The Virtue of Importunate Preaching

The entertainer has something to show that will please me. The advertiser has something to sell that will please me. Both appeal to my desire to please myself. The preacher, on the other hand, has something unpleasant to tell me, something I don’t particularly want to hear.

Entertainers and advertisers pander to the incontinent part of my soul, the part that wants to fulfill its urges and enjoy itself. The preacher has just the opposite message. He tells me I make the wrong choice when I allow this incontinent part to take charge of my soul. He tells me I must deny all urges except the urge to make my mind, soul and spirit more perfect. He demands I adopt an ascetic regimen conducive to self-discipline and self-control.

The preacher at Penn State invariably begins his sermons with a description of the unsalutary spiritual consequences of casual sex. At first I wondered, why does he begin with the one message that will alienate students most?

Now I think I understand why.

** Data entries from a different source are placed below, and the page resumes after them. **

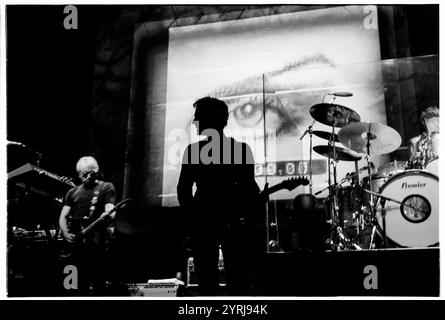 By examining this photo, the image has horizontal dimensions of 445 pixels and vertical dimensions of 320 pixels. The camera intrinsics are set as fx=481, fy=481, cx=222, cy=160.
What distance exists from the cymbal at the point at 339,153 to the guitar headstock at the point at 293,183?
0.30 metres

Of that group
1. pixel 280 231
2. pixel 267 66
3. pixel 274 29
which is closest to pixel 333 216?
pixel 280 231

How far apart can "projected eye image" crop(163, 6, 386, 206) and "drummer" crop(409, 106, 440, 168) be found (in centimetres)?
29

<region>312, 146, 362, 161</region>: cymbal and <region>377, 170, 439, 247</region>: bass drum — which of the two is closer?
<region>377, 170, 439, 247</region>: bass drum

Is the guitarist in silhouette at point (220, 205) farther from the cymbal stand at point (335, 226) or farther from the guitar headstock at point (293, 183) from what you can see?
the cymbal stand at point (335, 226)

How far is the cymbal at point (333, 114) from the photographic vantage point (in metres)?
3.43

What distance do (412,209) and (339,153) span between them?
633 millimetres

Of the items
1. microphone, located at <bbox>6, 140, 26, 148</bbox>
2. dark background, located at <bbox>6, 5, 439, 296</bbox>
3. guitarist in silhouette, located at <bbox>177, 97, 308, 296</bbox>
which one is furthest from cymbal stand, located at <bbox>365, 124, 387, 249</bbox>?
microphone, located at <bbox>6, 140, 26, 148</bbox>

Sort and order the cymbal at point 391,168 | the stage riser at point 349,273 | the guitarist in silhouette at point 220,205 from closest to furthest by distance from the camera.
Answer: the stage riser at point 349,273 < the guitarist in silhouette at point 220,205 < the cymbal at point 391,168

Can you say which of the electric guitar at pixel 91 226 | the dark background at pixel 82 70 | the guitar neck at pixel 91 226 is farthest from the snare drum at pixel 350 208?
the guitar neck at pixel 91 226

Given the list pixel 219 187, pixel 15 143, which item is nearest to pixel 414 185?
pixel 219 187

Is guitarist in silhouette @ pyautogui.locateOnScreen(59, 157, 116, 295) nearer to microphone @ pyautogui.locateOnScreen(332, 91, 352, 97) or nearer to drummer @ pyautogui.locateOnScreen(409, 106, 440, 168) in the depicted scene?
microphone @ pyautogui.locateOnScreen(332, 91, 352, 97)

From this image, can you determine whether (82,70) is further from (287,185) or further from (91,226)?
(287,185)

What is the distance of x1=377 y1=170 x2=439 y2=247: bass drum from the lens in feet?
10.5

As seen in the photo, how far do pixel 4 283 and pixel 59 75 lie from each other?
1495 millimetres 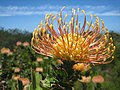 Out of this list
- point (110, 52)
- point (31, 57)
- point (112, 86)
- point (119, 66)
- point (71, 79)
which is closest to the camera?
point (71, 79)

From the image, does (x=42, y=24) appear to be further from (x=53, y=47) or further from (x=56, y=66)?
(x=56, y=66)

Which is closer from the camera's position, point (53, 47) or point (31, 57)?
point (53, 47)

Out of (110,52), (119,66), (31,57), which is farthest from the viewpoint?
(31,57)

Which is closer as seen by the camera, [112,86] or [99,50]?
[99,50]

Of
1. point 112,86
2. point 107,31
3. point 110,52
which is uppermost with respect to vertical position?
point 107,31

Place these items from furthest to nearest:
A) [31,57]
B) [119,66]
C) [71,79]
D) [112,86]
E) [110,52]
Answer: [31,57] < [119,66] < [112,86] < [110,52] < [71,79]

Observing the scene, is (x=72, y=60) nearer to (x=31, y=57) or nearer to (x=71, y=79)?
(x=71, y=79)

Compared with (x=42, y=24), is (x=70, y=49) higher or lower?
lower

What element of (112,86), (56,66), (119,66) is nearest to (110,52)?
(56,66)

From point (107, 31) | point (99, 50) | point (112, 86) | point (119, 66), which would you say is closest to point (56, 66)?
point (99, 50) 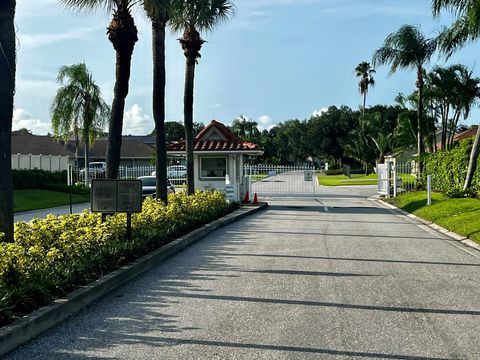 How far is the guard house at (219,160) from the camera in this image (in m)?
24.1

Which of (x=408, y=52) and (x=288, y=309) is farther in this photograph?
(x=408, y=52)

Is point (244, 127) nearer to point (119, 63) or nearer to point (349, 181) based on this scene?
point (349, 181)

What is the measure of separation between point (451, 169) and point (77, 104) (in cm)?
2420

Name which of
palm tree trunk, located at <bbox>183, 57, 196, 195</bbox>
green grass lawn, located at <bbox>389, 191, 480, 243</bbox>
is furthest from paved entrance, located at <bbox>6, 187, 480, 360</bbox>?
palm tree trunk, located at <bbox>183, 57, 196, 195</bbox>

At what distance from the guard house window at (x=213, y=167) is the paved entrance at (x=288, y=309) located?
13.0m

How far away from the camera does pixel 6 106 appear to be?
304 inches

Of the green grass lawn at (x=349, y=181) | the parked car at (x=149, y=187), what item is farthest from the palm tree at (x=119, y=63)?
the green grass lawn at (x=349, y=181)

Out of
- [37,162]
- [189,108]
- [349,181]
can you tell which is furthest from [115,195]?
[349,181]

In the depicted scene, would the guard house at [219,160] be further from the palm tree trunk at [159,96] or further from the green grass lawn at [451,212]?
the palm tree trunk at [159,96]

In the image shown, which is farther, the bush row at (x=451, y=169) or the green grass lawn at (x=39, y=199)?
Answer: the green grass lawn at (x=39, y=199)

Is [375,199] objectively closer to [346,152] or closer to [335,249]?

Our campus preacher believes it is essential to deliver a message students would otherwise never hear. They won't see it on television because they flip the channel. They won't hear it from their peers, who want to be popular. They won't find it on Google because they never search for it. If students are ever going to hear difficult and important messages about self-denial and self-restraint, it will only be from an importunate preacher who assaults their ears and delivers an unwanted but urgently needed message against the will of his audience.

The reason our campus preacher tells the younger generation about the dire spiritual consequences of their impulsive sexual liaisons is precisely the same reason I preach to my generation about our impulsive consumption. The BMW dealer won't give me lessons in self-denial and self-restraint. My real estate agent is unlikely to explain that helping others is far more rewarding than trying to impress others. I'll never learn the profound spiritual joy that comes from living a restrained, simple life by talking to salesmen peddling intemperate, extravagant luxury.

Our campus preacher asks students if they really respect themselves as they should when they settle for purely sensual hookups with no deep spiritual connection. I’m here to ask my generation if we really respect ourselves as we should when we surround ourselves with material luxury while we allow spiritual virtues like simplicity, modesty and charity to go uncultivated.
No man can serve two masters: for either he will hate the one, and love the other; or else he will hold to the one, and despise the other. Ye cannot serve God and mammon.
Matthew 6:24
Whereas some ascetics and Brahmins remain addicted to attending such shows as dancing, singing, music, displays, recitations, hand-music, cymbals and drums, fairy-shows, acrobatic and conjuring tricks, combats of elephants, buffaloes, bulls, goats, rams, cocks and quail, fighting with staves, boxing, wrestling, sham-fights, parades, manoeuvres and military reviews, the ascetic Gotama refrains from attending such displays.